The June 2016 statement is referenced here. The second sentence aligns with the UK’s goal of a close future partnership. However, the exclusion of any ‘sectoral’ deals contradicts the UK’s objective. Sectoral deals, in any case, would likely be challenged under WTO rules requiring FTAs to encompass ‘substantially’ all trade in goods (Article XXIV GATT) or services (Article V GATS). Mutual recognition agreements covering specific trade sectors could be an option. The guidelines are silent on the UK’s aim for a special customs agreement, except implicitly regarding Northern Ireland.

2. Negotiations under Article 50 TEU will be conducted as a single package, adhering to the principle that nothing is agreed until everything is agreed. Individual items cannot be settled separately. The Union will present unified positions, engaging with the UK solely through the channels outlined in these guidelines and the negotiating directives. To maintain a united front, individual Member States will not engage in separate negotiations with the UK concerning its withdrawal.
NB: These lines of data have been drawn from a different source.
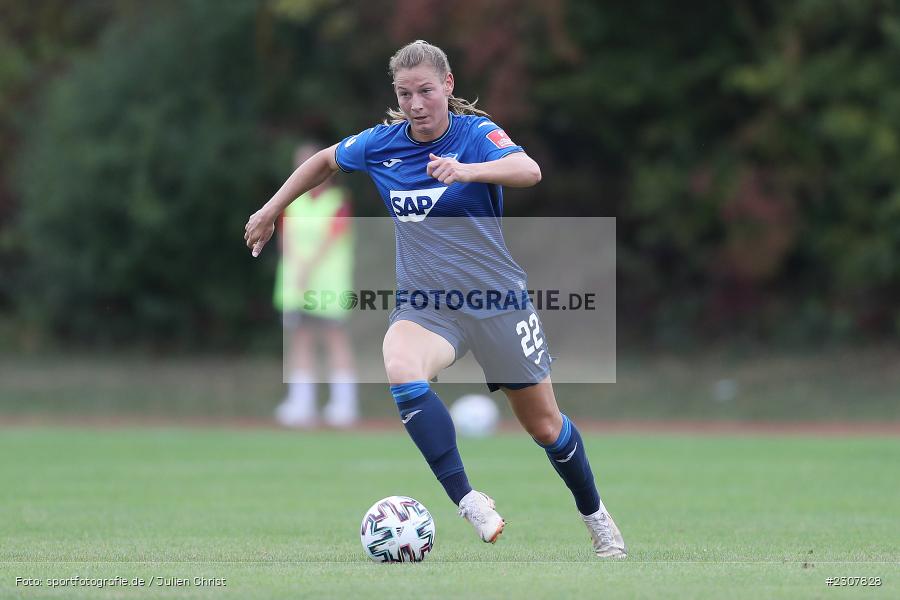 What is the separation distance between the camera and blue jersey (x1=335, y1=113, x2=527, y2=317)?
20.2 ft

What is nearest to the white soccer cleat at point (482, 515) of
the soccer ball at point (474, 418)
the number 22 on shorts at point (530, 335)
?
the number 22 on shorts at point (530, 335)

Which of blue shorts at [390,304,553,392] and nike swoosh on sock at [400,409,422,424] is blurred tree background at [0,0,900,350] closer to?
blue shorts at [390,304,553,392]

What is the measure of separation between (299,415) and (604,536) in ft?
32.3

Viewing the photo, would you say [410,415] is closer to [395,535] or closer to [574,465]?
[395,535]

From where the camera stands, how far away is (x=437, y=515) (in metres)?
8.63

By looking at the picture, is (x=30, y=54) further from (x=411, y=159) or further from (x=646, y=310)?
(x=411, y=159)

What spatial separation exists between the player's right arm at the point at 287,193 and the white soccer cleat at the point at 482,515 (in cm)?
161

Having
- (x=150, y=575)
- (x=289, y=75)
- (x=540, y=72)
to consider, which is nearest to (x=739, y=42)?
(x=540, y=72)

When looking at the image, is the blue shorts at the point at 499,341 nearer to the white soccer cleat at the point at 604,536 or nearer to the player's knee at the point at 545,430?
the player's knee at the point at 545,430

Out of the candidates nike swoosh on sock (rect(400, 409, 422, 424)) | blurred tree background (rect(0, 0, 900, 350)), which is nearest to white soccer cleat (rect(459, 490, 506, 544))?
nike swoosh on sock (rect(400, 409, 422, 424))

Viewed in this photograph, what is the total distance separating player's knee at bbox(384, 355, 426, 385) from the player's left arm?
2.73ft

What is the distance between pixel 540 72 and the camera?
74.9 ft

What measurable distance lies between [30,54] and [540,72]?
33.7ft

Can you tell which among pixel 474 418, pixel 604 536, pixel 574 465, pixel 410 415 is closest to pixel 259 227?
pixel 410 415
Whether this ‘single package’ narrowly refers to the EU’s priority negotiation points or encompasses the broader post-Brexit relationship remains unclear. This distinction is crucial, as a strong case exists for separating the initial treaty addressing withdrawal issues, particularly the status of UK and EU citizens who’ve moved between Member States, from subsequent treaties.

The ’no separate negotiations’ point, mentioned earlier, is reiterated here. As previously stated, this doesn’t preclude informal bilateral discussions on specific issues. UK/Ireland discussions on border issues and UK/Spain talks on Gibraltar (mandated by the guidelines) are examples. The guidelines also mention bilateral UK/Cyprus issues.

The common assumption that unanimous national parliament ratification is required for any Article 50 deal is incorrect. Article 50 stipulates a qualified majority vote (excluding the UK) for EU decisions. However, aspects of the broader Brexit deal (e.g., future relationship) might necessitate unanimous voting and national ratification; the EU might hesitate to proceed with the Article 50 agreement against the wishes of one or more Member States.

II. A phased approach to negotiations

3. Upon the UK’s withdrawal, the Treaties cease to apply to the UK, its associated overseas countries and territories, and territories for which the UK manages external relations. The primary objective of these negotiations is to ensure a smooth UK withdrawal, minimizing uncertainties and disruptions caused by this sudden change.

This point covers entities mentioned in Article 353 TFEU: Gibraltar, the Channel Islands, the Isle of Man, and remaining semi-colonies. The House of Lords report provides further discussion on their status. The emphasis on minimizing disruption, although qualified by “to the extent possible,” is notable.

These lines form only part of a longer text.